- What is being asked:
Starting from the line with "Gents Omega Speedmaster" and going up to and including the line with "Die Partybilder von", copy the listing below exactly. Leave all images out.

- Supplied records:
┌──
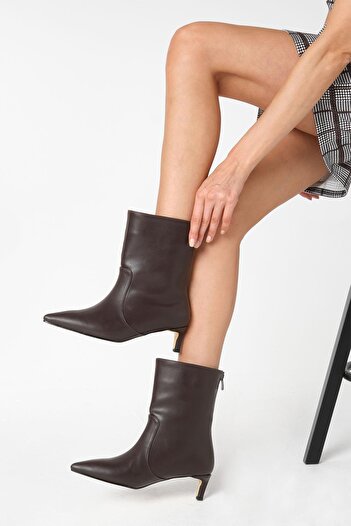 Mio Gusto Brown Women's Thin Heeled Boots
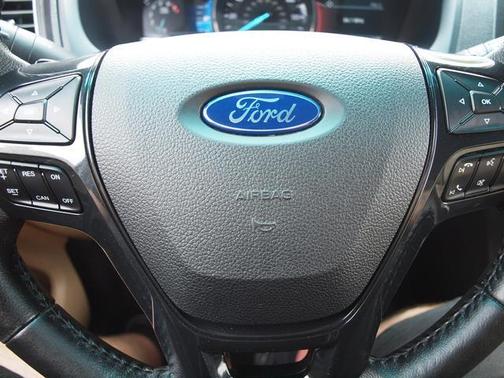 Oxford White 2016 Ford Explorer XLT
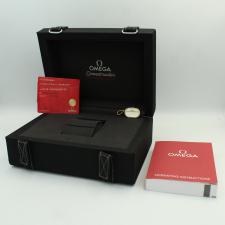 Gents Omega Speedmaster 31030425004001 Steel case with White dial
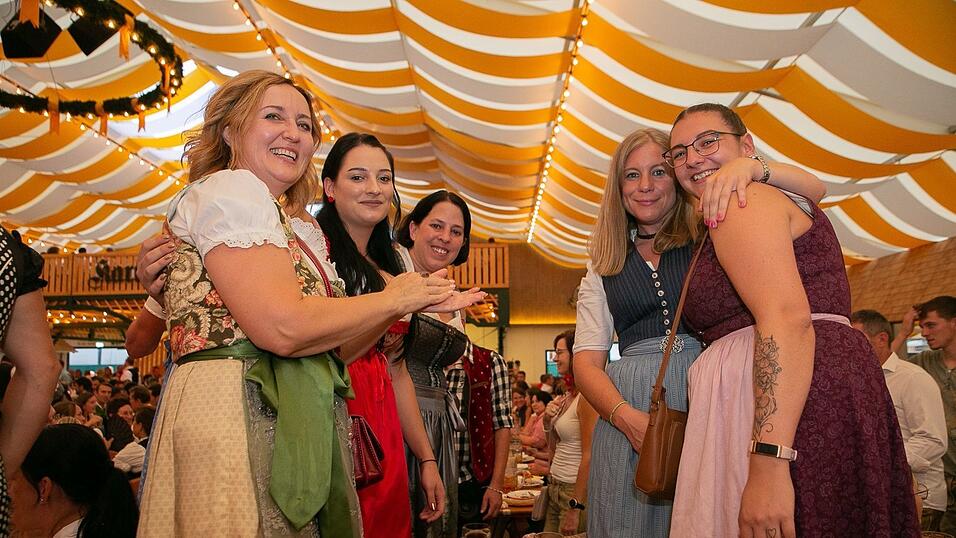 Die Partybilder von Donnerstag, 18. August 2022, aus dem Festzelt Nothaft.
└──
┌──
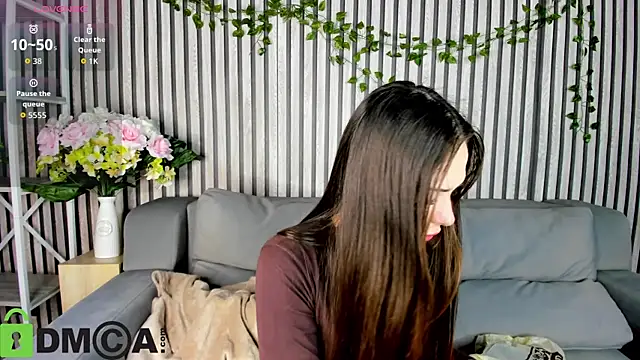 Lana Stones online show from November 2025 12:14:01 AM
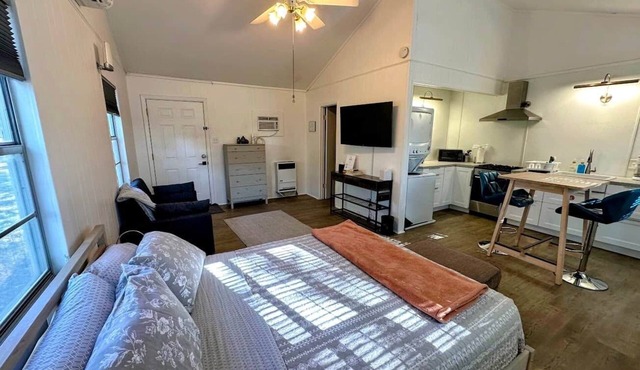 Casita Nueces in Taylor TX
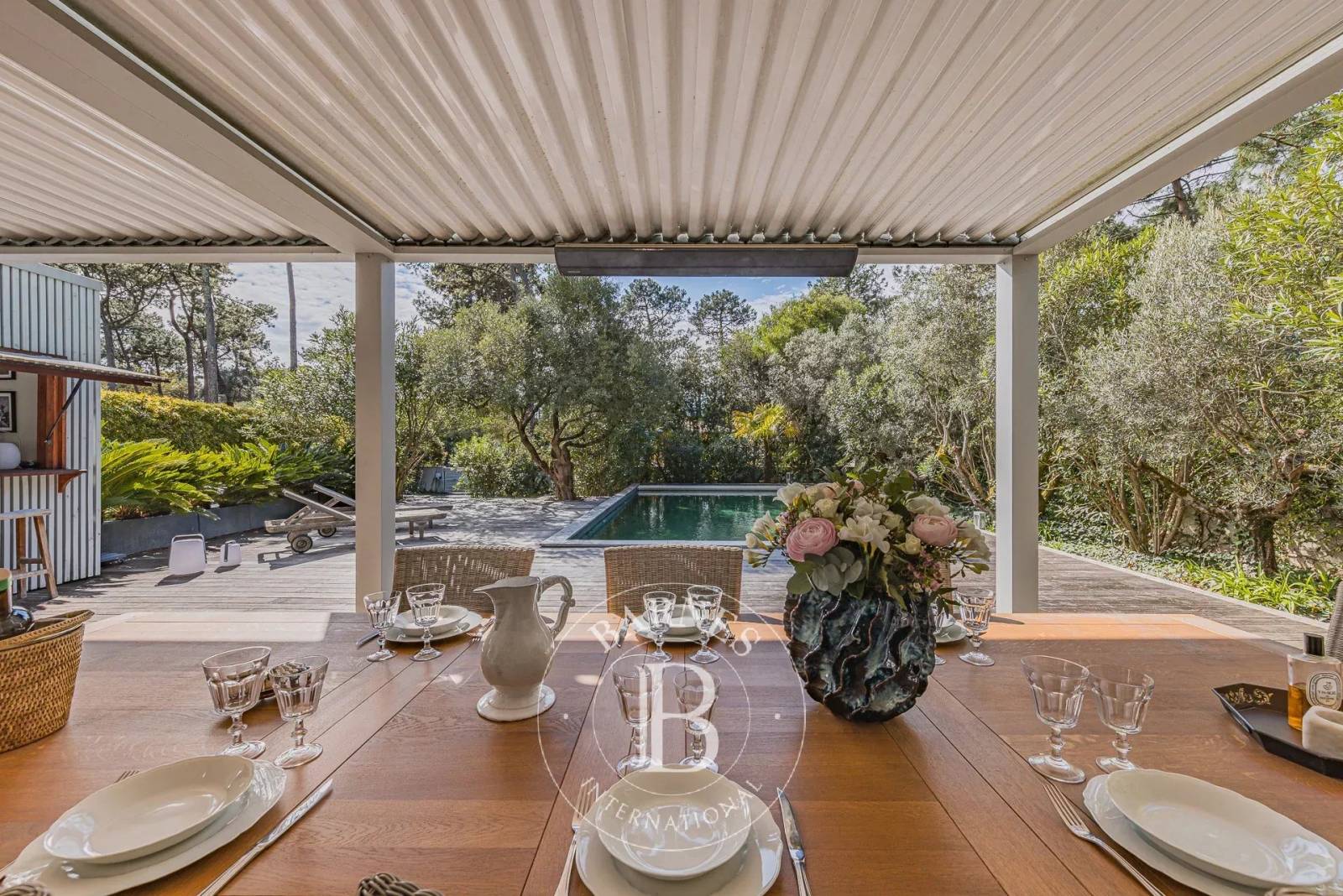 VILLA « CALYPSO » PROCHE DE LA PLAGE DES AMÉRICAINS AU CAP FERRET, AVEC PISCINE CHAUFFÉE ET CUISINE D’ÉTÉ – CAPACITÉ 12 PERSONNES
└──
- The answer:
 Gents Omega Speedmaster 31030425004001 Steel case with White dial
 Die Partybilder von Donnerstag, 18. August 2022, aus dem Festzelt Nothaft.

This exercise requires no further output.